Problem description:
Lines containing the word "Lake" in the data below: say how many, with no other text.

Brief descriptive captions
"""

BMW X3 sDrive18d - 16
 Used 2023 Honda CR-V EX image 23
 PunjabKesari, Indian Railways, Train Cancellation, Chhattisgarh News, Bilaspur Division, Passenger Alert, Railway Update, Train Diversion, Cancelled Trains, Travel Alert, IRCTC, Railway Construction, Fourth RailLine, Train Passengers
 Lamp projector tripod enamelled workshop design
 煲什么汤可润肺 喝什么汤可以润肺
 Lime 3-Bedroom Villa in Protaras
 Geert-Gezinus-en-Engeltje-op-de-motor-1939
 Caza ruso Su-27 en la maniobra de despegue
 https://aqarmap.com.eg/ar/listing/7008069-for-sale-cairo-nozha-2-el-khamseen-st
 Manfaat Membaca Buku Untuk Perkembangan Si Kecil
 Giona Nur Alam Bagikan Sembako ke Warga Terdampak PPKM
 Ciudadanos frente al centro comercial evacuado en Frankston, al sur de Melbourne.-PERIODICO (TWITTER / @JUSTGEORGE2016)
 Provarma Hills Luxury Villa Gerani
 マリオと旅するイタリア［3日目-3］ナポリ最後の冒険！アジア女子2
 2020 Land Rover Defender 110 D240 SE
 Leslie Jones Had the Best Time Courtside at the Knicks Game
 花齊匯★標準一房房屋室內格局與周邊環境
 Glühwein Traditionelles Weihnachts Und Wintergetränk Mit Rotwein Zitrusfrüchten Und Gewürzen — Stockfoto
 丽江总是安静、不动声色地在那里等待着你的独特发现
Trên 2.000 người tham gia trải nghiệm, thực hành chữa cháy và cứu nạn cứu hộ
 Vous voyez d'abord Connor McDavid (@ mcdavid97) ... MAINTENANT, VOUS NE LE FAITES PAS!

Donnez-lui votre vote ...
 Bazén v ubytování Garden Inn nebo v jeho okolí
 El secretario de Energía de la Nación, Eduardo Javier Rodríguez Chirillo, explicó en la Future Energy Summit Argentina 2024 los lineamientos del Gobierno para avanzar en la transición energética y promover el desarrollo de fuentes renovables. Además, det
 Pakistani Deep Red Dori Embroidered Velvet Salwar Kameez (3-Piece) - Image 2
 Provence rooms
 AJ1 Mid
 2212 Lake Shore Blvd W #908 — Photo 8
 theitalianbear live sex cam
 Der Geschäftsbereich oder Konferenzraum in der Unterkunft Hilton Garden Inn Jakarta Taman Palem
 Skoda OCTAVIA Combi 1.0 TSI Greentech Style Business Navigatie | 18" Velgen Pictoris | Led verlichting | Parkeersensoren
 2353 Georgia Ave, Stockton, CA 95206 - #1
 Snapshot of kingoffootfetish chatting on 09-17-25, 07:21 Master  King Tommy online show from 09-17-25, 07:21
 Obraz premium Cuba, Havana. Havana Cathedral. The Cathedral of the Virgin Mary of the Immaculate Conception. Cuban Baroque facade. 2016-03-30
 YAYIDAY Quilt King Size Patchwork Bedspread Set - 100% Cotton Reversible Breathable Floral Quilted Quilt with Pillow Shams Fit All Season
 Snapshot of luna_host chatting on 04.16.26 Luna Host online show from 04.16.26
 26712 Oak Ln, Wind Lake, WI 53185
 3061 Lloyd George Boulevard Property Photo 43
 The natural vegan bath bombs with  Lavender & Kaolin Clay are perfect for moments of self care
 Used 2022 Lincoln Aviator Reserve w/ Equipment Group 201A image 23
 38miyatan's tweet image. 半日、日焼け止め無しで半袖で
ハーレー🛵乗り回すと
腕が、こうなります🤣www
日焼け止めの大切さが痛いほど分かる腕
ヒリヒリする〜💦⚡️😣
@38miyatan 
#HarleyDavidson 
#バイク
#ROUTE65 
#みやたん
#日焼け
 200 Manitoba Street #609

"""

Answer space:
2